The region faces another spring and summer of dwindling water resources and rising temperatures, according to an outlook released Thursday by the National Oceanic and Atmospheric Administration.  

From April to June, chances remain high that little rain or snow will fall from Northern California and Oregon across a wide swath of the Rocky Mountain states to Texas and the U.S. Gulf Coast, according to NOAA’s Climate Prediction Center. At the same time, warmer-than-normal temperatures will permeate most of the contiguous U.S. except for parts of the Pacific Northwest. 

“Severe-to-exceptional drought has persisted in some areas of the West since the summer of 2020 and drought has expanded to the southern Plains and Lower Mississippi Valley,” said Jon Gottschalck, chief of the operational prediction branch of the Climate Prediction Center. 

“With nearly 60% of the continental U.S. experiencing minor to exceptional drought conditions, this is the largest drought coverage we’ve seen in the U.S. since 2013,” he said. 

The dry land will likely cause another summer of brutal heatwaves across the western U.S. as the lack of soil moisture will let the sun’s energy bake the air instead of evaporating water.
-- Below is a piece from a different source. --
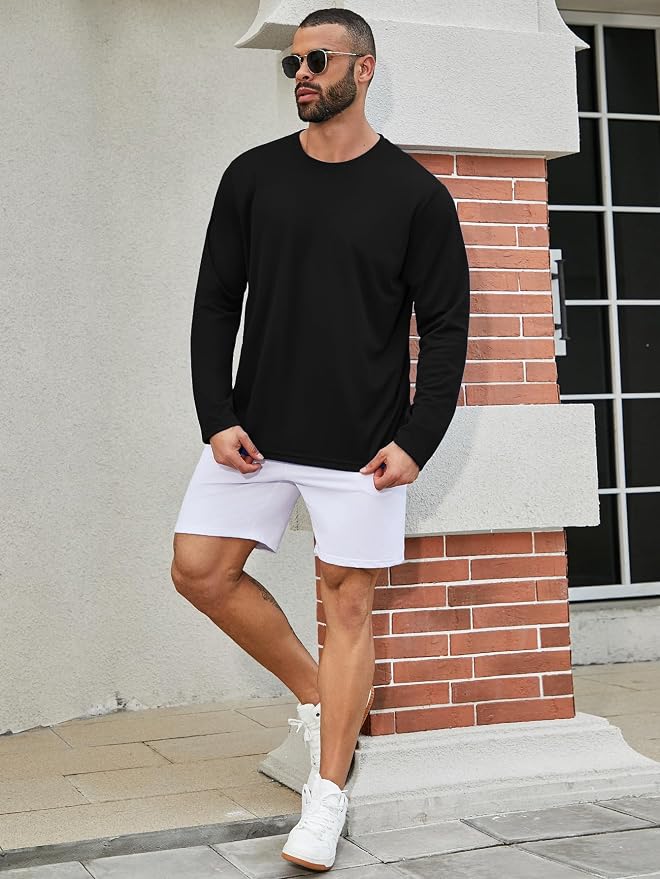 Mens Long Sleeve T-Shirts Casual Crew Neck Tee Shirt Summer Soft Running Swimming Cycling Fishing Tops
This could lead to further power-grid problems across the West, where heat has caused rolling blackouts in California in 2020, and the threat of wildfires caused preventative outages farther afield. 

A lack of snow across most of the West -- except for Colorado -- as well as below-normal rain helped propel the region into another year of drought. Unlike the eastern U.S., which sees storms throughout the year, much of the western part of the country gets most of its water during winter in the form of rain and snow. 

“It does set the stage for more likely heat-wave events,” Gottschalck said on a webinar with reporters.

Currently, almost 90% of nine western states is gripped by drought including all of California, Nevada and Utah, as well as nearly 99% of New Mexico, according to the U.S. Drought Monitor. Washington, Oregon, Montana and Arizona are all dealing with drought that stretches back more than two years in many places. 

In addition to the West, Texas, as well as most of the Great Plains are wilting under drought conditions.